CREATE2 is a special case Note that we cannot execute #loadAccount during the #load phase earlier because gas will not yet have been paid, and it may be to expensive to compute the hash of the init code.

    rule <k> #gas [ CREATE2, _ ] ... </k>
         <loaded> true => false </loaded>
      [priority(35)]

    rule <k> (. => #loadAccount #newAddr(ACCT, SALT, #range(LM, MEMSTART, MEMWIDTH)))
          ~> CREATE2 _VALUE MEMSTART MEMWIDTH SALT
         ...
         </k>
         <id> ACCT </id>
         <localMem> LM </localMem>
         <loaded> false => true </loaded>
      [priority(35)]

    rule <k> #load [ OP:OpCode ] => #loadAccount W0 ~> #lookupCode W0 ... </k>
         <wordStack> W0 : _ </wordStack>
      requires isAddr1Op(OP)

    rule <k> #load [ OP:OpCode ] => #loadAccount W1 ~> #lookupCode W1 ... </k>
         <wordStack> _ : W1 : _ </wordStack>
      requires isAddr2Op(OP)

    rule <k> #load [ CREATE ] => #loadAccount #newAddr(ACCT, NONCE) ... </k>
         <id> ACCT </id>
         <account>
           <acctID> ACCT </acctID>
           <nonce> NONCE </nonce>
           ...
         </account>

    rule <k> #load [ OP:OpCode ] => #lookupStorage ACCT W0 ... </k>
         <id> ACCT </id>
         <wordStack> W0 : _ </wordStack>
      requires OP ==K SSTORE orBool OP ==K SLOAD

    rule <k> #load [ _OP:OpCode ] => . ... </k> [owise]

    syntax AccountCode ::= #unloaded(Int)

#getBalance returns the balance of an account that exists based on its integer address.
#getNonce returns the nonce of an account that exists based on its integer address.
#isCodeEmpty returns true if the code hash of the account is equal to the hash of the empty string, and false otherwise.
#accountExists returns true if the account is present in the state trie for the current block, and false otherwise.

    syntax Int  ::= #getBalance  ( Int ) [function, hook(BLOCKCHAIN.getBalance)]
                  | #getNonce    ( Int ) [function, hook(BLOCKCHAIN.getNonce)]
                  | #getCodeHash ( Int ) [function]
 // -----------------------------------------------------------------------------
    rule #getCodeHash(ACCT) => keccak(#parseByteStackRaw(#getCode(ACCT)))

    syntax Bool ::= #isCodeEmpty   ( Int ) [function, hook(BLOCKCHAIN.isCodeEmpty)]
                  | #accountExists ( Int ) [function, hook(BLOCKCHAIN.accountExists)]
 // ---------------------------------------------------------------------------------

The following operations help with loading account information from an external running client.

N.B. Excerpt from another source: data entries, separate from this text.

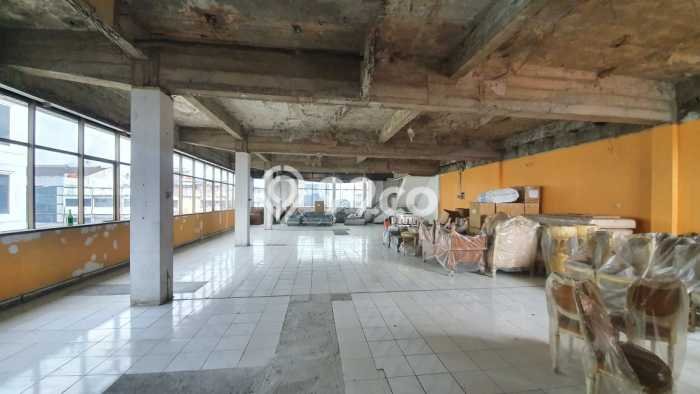Ruko Kawasan Cideng, Luas 1129m², Lokasi Strategis Ruko Kawasan Cideng, Luas 1129m², Lokasi Strategis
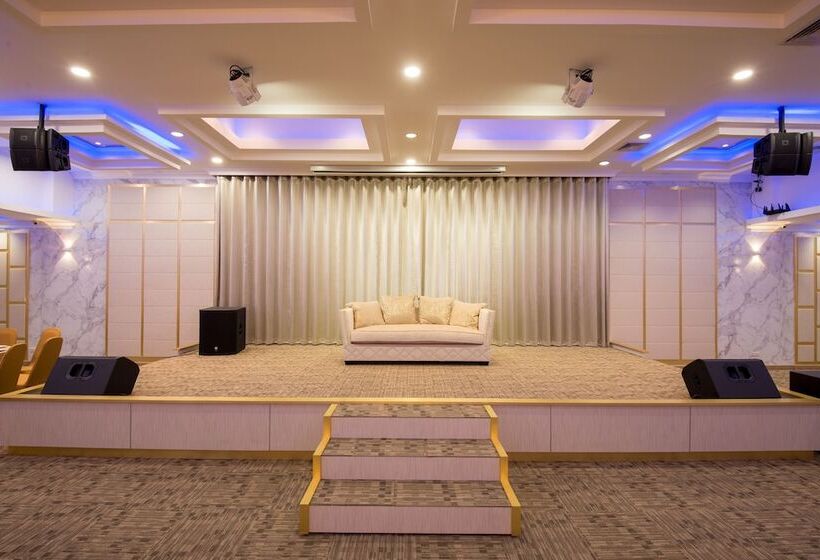 Отель Socool Grand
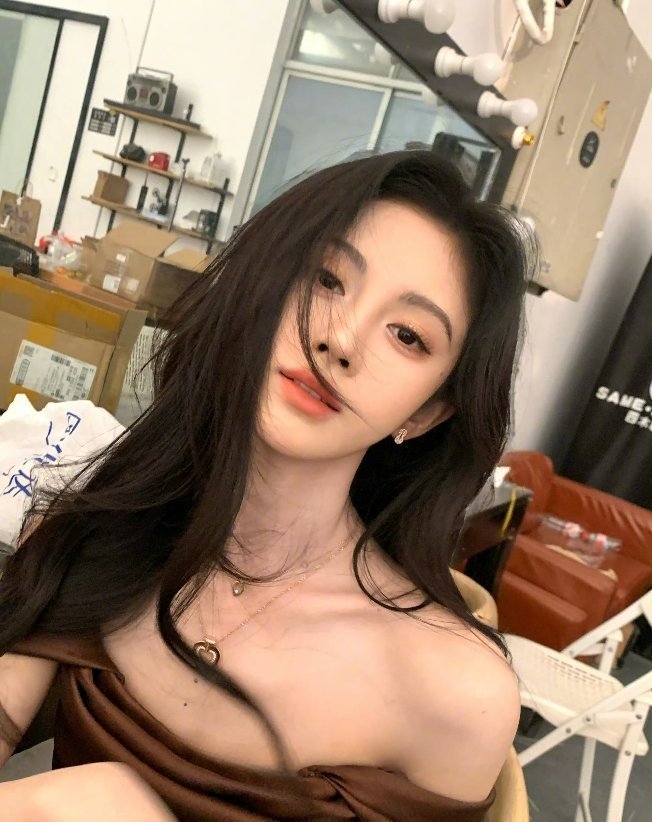 鞠婧祎 jjy鞠婧祎苏绿夏 风声越大 思念越长 爱意越久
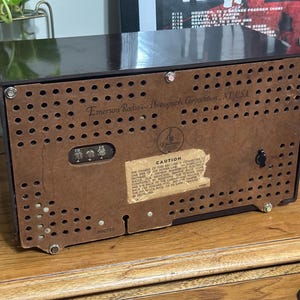 Vintage Bluetooth Radio - 1950s Emerson 641-B image 10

This minimizes the amount of information which must be stored in the configuration.

#loadAccount queries for account data from the running client.
#lookupCode loads the code of an account into the <code> cell.
#lookupStorage loads the value of the specified storage key into the <storage> cell.

    syntax InternalOp ::= "#loadAccount"   Int
                        | "#lookupCode"    Int
                        | "#lookupStorage" Int Int
 // ----------------------------------------------

#loadAccount loads an account's balance and nonce if it exists, and leaves the code and storage unloaded, except if the code is empty, in which case the code is fully loaded. If the account does not exist, it does nothing.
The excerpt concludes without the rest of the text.